“I’m just relieved to see that you’re okay.” I caught her hand before she could drop it. “Except for that bruise. Who did that? What happened?”
“I don’t even know where to start.”
She stared at the floor and nibbled on her lip, so I led her toward the bed and sat down, pulling her into my lap. “Start wherever you want, beautiful. I’m listening.”
She lifted a hand and caressed my jaw as she smiled with appreciation. Tears had given a glow to her green gaze. They shone brighter than usual.
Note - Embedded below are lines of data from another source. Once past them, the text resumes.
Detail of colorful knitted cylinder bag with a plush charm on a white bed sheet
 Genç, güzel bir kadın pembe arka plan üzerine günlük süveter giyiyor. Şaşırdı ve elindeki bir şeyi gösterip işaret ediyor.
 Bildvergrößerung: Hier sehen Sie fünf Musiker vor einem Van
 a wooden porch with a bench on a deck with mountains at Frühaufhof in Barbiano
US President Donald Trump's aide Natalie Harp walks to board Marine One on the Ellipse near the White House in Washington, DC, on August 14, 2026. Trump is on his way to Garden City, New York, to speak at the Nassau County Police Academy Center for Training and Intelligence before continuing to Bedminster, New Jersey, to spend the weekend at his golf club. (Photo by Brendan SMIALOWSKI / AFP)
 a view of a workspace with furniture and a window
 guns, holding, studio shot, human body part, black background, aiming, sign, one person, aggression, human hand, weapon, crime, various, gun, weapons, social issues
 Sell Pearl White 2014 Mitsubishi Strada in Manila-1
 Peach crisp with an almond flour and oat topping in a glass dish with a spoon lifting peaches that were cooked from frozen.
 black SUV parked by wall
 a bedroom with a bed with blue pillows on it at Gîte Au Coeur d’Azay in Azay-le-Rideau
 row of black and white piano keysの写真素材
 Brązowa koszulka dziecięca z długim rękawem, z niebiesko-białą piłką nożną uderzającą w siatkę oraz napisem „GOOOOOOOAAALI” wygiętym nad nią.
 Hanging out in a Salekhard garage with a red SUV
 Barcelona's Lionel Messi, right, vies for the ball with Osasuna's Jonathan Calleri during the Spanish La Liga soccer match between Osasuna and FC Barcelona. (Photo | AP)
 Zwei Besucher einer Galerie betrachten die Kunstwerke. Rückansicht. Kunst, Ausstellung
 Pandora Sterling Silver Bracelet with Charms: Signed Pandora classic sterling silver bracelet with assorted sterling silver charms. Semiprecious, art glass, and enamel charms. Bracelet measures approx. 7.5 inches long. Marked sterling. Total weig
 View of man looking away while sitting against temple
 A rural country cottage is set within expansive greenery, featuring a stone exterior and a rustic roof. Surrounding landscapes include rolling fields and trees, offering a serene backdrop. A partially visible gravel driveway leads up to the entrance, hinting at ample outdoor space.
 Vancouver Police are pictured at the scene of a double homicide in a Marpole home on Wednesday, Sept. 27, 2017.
However beautiful they were, I would take their previous color in exchange for knowing that she wasn’t hurting.
“Well, I’ll put it simply,” she said. “I decided to keep the baby. And Momma wasn’t pleased,” she added, pointing to her bruised and scratched cheek. “That about covers it all.”
There was nothing casual about what she said but she’d delivered it almost flippantly. I stilled, staring at her as my heartbeat sped up a little. I didn’t know how to respond. She . . . she was still pregnant. That was the last thing that I had expected. But her mother had done that to her. Her mother had hit her. It made me sick.
“I’ve rendered you speechless,” she laughed. “I’d be proud of that but you’re not that vocal to begin with.”
“You’re still pregnant?”
She nodded and picked up my hand, placing it on her stomach. Her fingertips caressed the top of mine as she spoke. “I couldn’t do it. We made this baby with love. I fell in love with him or her whether I wanted to or not.”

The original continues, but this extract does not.